Figure 1. A week’s tide timetable for Port of Bristol (Jan 2011) Crown Copyright.

Time, Ecological Time, and Rhythmpatterns

A focus on time in geography and social theory emerged in response to concerns about the separation of time and space and the relative neglect of time (Parkes and Thrift 1980; Gell 1992; Adam 1994, 1998; Latour 1997; May and Thrift 2001). Interests in the ecologies and spatial-temporal fluidities of life, place and landscape (Thrift 1999; Massey 2005) have developed which respond to Lefebvre’s demand to think ‘time and space differently and to think them together’,(Elden 2004: ix emphasis in original), and not as abstract(ed)a priori grids to be filled out by life, but as only articulated in and through materialised and lived ongoing (relational) processes. Temporality has a great richness to it, with aspects of rhythm, tempo and duration to consider, and how these trace through assemblages and bodies and affective life (human and non-human).

Withinsome of these approaches the temporal registers of nature have only appeared fleetingly.

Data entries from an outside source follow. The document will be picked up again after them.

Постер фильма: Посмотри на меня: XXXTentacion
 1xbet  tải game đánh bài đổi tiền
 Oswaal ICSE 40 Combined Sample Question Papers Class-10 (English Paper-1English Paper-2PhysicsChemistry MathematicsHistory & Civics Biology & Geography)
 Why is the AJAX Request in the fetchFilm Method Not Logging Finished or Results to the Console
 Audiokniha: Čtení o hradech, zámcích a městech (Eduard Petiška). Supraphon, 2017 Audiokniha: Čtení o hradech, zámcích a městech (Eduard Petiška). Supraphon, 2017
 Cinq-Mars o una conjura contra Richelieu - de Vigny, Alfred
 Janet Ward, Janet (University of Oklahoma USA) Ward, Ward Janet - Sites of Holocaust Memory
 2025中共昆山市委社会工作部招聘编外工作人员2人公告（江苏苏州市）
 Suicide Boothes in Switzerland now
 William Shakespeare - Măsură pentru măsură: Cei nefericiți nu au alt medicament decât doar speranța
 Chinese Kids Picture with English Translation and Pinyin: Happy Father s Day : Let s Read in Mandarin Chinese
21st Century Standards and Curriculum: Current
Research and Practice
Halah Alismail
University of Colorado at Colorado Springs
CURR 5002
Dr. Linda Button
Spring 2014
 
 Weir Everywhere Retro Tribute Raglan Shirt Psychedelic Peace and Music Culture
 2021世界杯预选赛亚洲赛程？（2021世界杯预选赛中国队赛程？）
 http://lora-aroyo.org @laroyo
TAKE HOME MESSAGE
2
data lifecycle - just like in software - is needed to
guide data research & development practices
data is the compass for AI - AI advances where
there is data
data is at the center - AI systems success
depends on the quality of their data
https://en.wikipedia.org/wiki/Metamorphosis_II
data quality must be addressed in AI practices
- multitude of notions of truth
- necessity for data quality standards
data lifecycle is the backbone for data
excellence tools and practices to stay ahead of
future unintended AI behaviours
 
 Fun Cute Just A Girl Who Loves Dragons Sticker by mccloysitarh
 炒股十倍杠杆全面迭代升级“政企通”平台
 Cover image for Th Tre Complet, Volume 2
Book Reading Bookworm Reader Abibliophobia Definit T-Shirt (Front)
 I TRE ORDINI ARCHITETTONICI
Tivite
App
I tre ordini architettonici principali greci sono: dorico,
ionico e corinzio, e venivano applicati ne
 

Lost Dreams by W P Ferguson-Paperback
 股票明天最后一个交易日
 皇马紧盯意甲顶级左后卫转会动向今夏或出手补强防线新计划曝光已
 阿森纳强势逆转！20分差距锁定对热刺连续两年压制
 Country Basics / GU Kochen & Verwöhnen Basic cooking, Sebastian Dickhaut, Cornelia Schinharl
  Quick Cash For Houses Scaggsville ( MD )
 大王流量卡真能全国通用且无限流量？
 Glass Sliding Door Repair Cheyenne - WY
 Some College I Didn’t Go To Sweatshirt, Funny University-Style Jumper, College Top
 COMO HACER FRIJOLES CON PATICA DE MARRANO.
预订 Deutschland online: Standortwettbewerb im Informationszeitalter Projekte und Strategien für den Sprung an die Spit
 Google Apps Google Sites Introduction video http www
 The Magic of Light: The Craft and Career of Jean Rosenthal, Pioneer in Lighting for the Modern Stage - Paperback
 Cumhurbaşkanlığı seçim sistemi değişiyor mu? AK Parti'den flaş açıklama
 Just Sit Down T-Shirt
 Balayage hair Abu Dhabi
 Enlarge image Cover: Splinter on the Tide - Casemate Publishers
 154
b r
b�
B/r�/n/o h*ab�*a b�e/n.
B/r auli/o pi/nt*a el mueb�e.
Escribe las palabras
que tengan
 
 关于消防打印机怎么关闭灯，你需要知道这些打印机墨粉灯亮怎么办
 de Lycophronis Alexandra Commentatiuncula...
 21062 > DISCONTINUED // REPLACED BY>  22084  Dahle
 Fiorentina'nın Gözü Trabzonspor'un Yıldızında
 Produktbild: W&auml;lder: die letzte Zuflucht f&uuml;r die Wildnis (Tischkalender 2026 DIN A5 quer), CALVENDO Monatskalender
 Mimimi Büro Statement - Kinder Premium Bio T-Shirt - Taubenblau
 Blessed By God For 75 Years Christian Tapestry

For example May and Thrift’s(2001) collection is overwhelmingly focused on aspects of social time. Elsewhere the temporalities of nature have come into focus (Macnaghten and Urry 1998); for understanding environmental change (Driver and Chapman 1996); environmental hazards (Adam 1998); and nature conservation (Adams 1996). Adam (1998) develops the notion of ‘timescapes’ where she looks at the ‘multiple rhythmicities of nature’ within landscapes. In particular Adam considers the rhythms/durations of nature primarily in regard to understanding environmental hazards and their governance (importantly) focusing on the temporal dimensions of such issues as bovine spongiform encephalopathy (BSE), nuclear power generation and waste storage, and how these interact in problematic ways with the prevailing knowledges and practices of clock, industrial and political time. As Wood (2008) asserts, addressing deeply ingrained, taken-for-granted assumptions about time, nature and the environment is critical in developing understanding of nature society relations, place and space.